- by foxnews
- 16 Jan 2025
"Spencer was like, 'Grab anything you want to keep,' and I was like, 'How do you choose?' My brain actually stopped working because I was so overwhelmed with so many things you can't replace. So I grabbed my kids' teddy bears," Montag said through tears.
The couple say their home and possessions were uninsured, and noted they were one of many Southern California residents who were dropped from their policy.
As Montag explained to the outlet, "We were 'house poor' as they call it. We have a house, and everything else is a hustle, is a grind, so we're definitely counting every dollar that we make."
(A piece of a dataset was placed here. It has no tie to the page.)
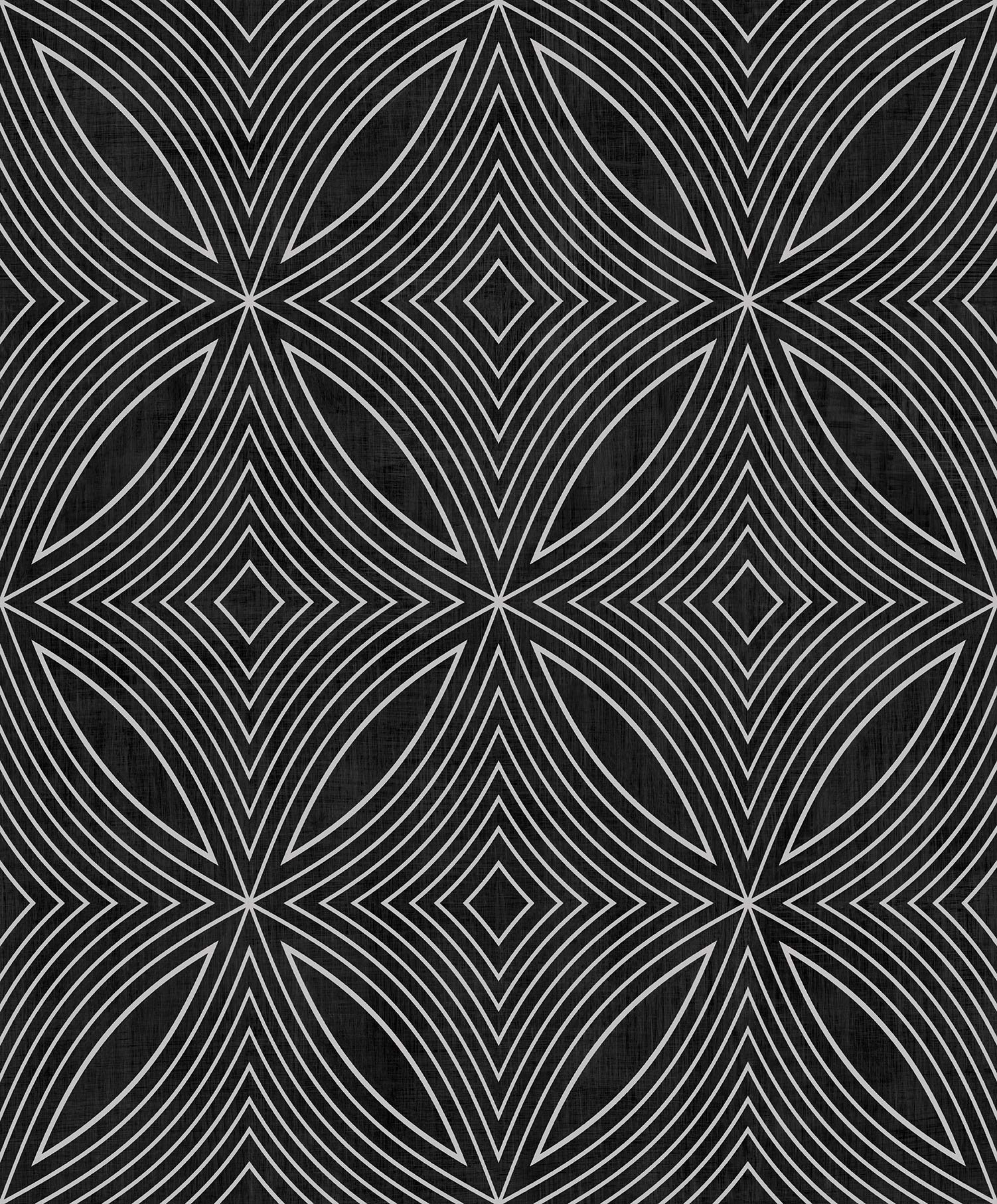 Galerie G67732 Special FX Kaleidoscope Design Wallpaper, Black/ Silver, 10m x 53cm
"The fan support has been such a light in such a darkness for us, and it's life-changing," Montag said.
Not everyone was as kind in the comments on the couple's interview, however.
"Buy another house. Stop crying," one person wrote on "Good Morning America's" Instagram page.
"He's wearing a Heidi shirt," another wrote, calling it "shameless promotion during the worst imaginable tragedy, they'll never change sorry not sorry."
Many echoed this sentiment, saying, "This is so sad, but there's so many people that lost everything not just celebrities. come on people interview anybody but celebrities!!"
"They are so different now. Humble & relatable!" one person said.
"Me being Spencer and Heidi's biggest fan was not on 2025 BINGO card but here we are," added another.
"It's a place that you love, that you live, that's a refuge from the world and to have that be gone is a really difficult concept to continue to daily deal with," Montag said as she teared up again.
"I feel like a ghost. I don't have a single photo now before an iPhone existed," Pratt said. "I don't have any of the dumb little things that are on your shelves. They're all gone. Not a single, nothing."